(RFC 5321)
All this stuff brings up a very interesting point about deliverable email
addresses in draft-seantek-mail-regexen:
What are the domain part limitations on deliverable email addresses, that are
not encapsulated by the RFC 5321 ABNF?
Specifically:
The domain production is limited to 253 characters. I am sure of this.
Each sub-domain production is limited to 63 characters. I am also sure of this.
I strongly believe that domain productions cannot be parseable IPv4 addresses.
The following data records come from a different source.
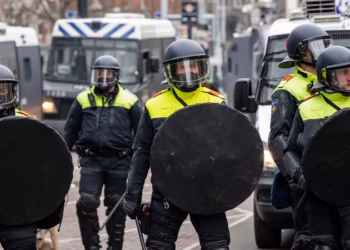 Policia holandeze: Dy protestues të arrestuar, një zyrtar i lënduar në Hagë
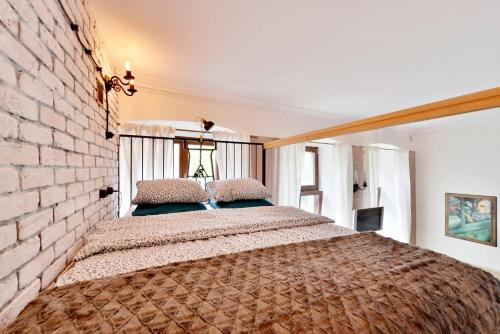 Ein Bett oder Betten in einem Zimmer der Unterkunft ARGENTIS KIEŁBAŚNICZA RETRO LOFT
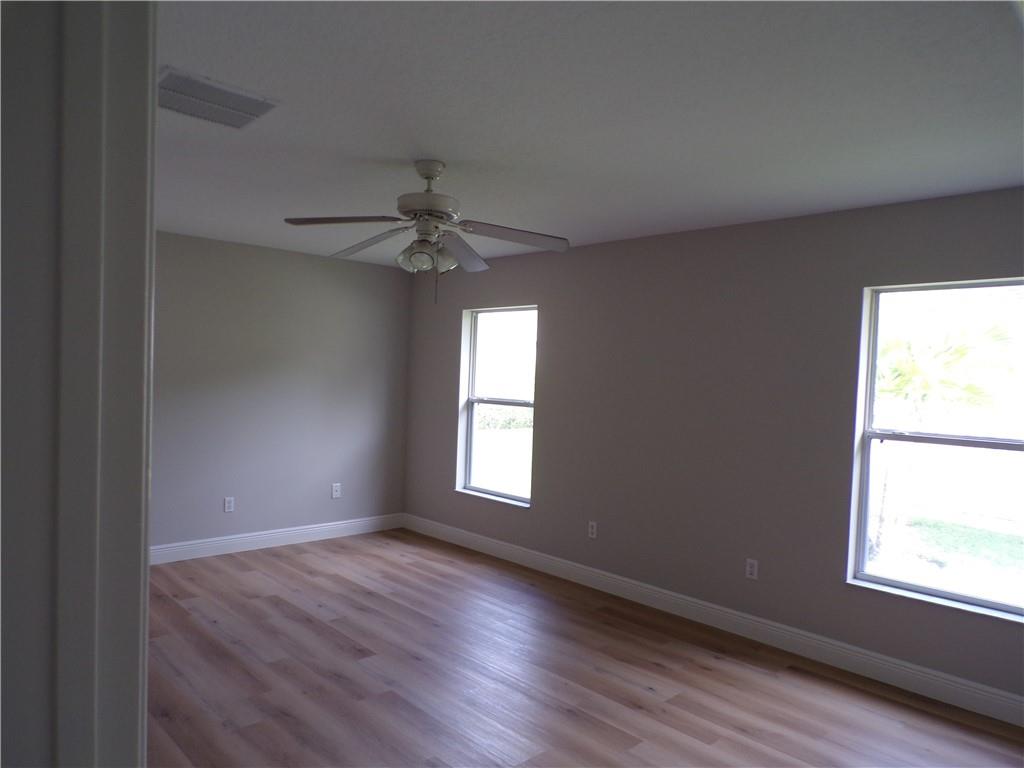 129 Drake Way Sebastian, FL 32958 - Photo 4 of 20 Gallery Image 4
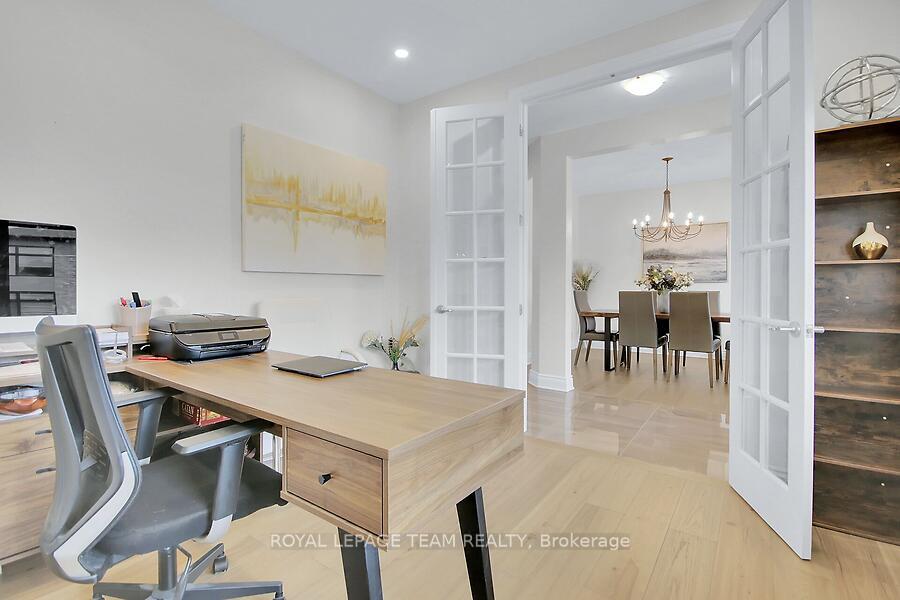 Photo 8 of 518 Chriscraft Way, Ottawa, Mahogany Community — HOMEH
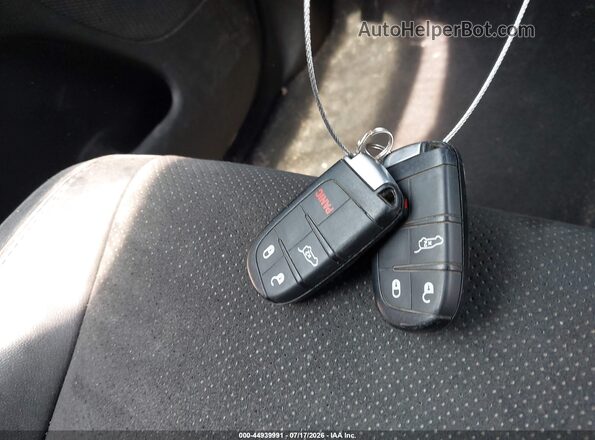 1C4RJFAG9KC645993 2019 JEEP GRAND CHEROKEE Black Вид панелі приладів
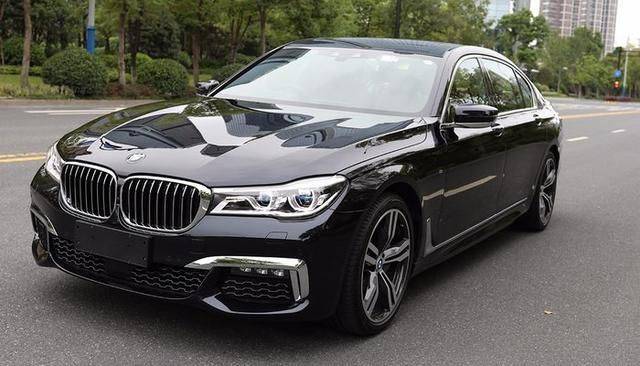 宝马730li对比奔驰s320l车长较短,轴距更长,因此运动感更强.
(Note: they can never be parseable as IPv6 addresses, as that would require :
which is not part of a domain production.)
Consider:
foo@1.2.3.4
The string “1.2.3.4” is a valid domain production. However, it is not (or
*should not*) be considered a deliverable email address, because when passed to
the famous function “gethostbyname”, that function will certainly return
1.2.3.4; it will not perform a lookup of the domain record with a top-level
label of “4”. This is also supported by RFC 1912: “Labels may not be all
numbers”. But an individual label can be a number, such as “411.org”.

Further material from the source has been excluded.